THE TASK
No pictures should appear in the copy. Reproduce exactly the lines from the one containing "Cute Baby Discovers" through the end of the material below.

AVAILABLE DATA
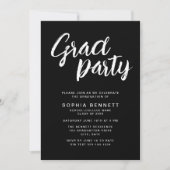 Invitation Brosse chic moderne Script Black & White Grad Part (Devant)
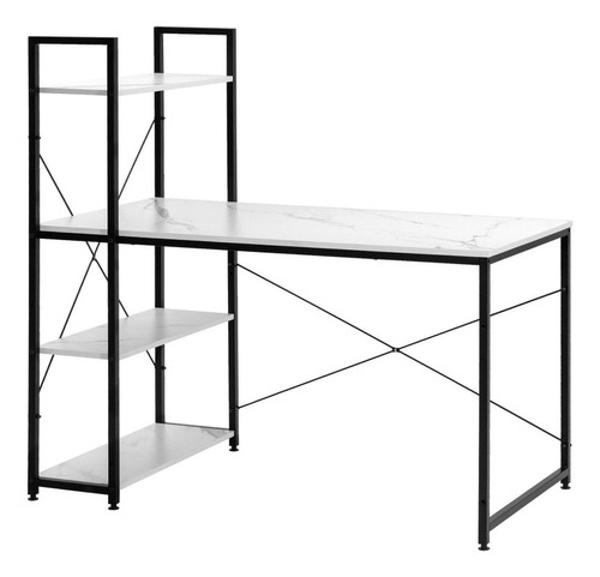Set Escritorio Blanco Repisas + Silla Ergonómica Ejecutiva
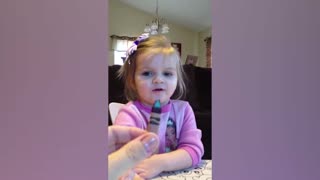 Cute Baby Discovers New Name For Brown Crayon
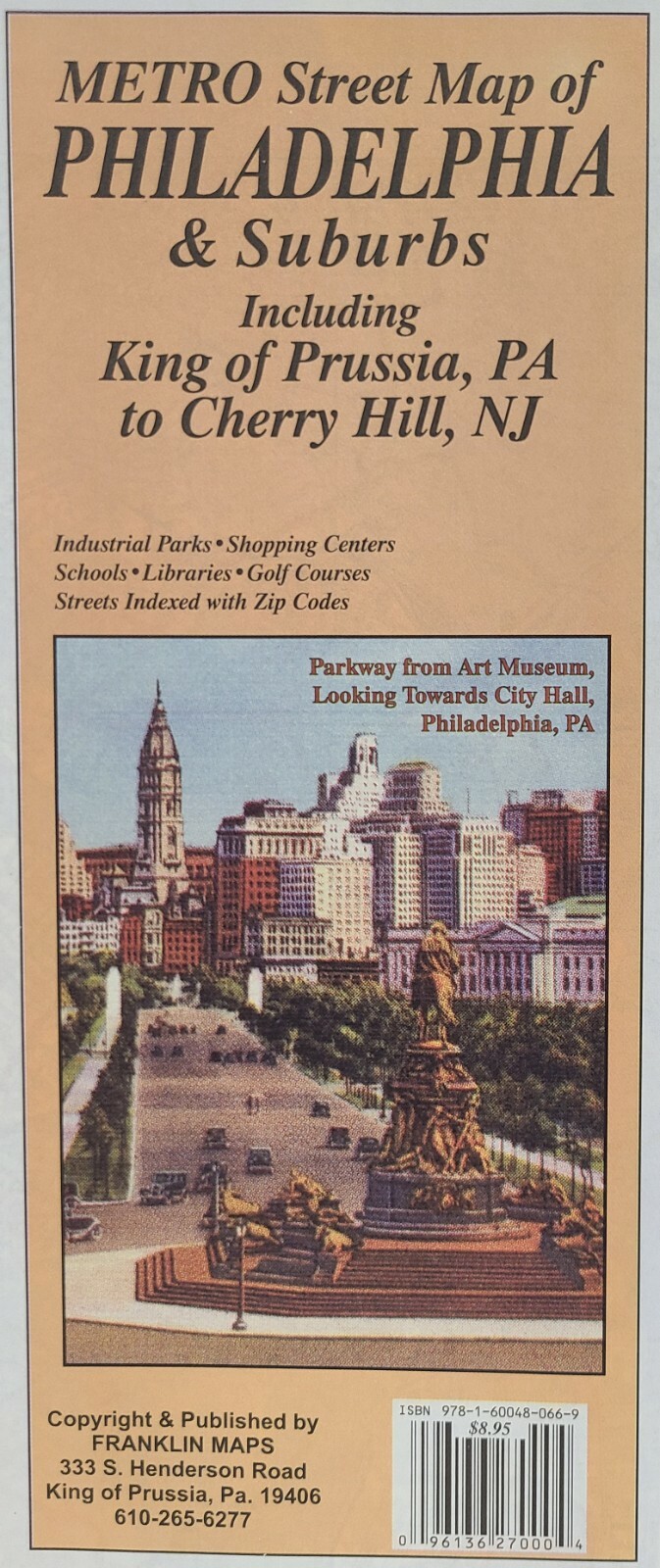 Philadelphia & Suburbs, Pennsylvania Street Map by Franklin Maps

RESULT OF THIS TASK
 Cute Baby Discovers New Name For Brown Crayon
 Philadelphia & Suburbs, Pennsylvania Street Map by Franklin Maps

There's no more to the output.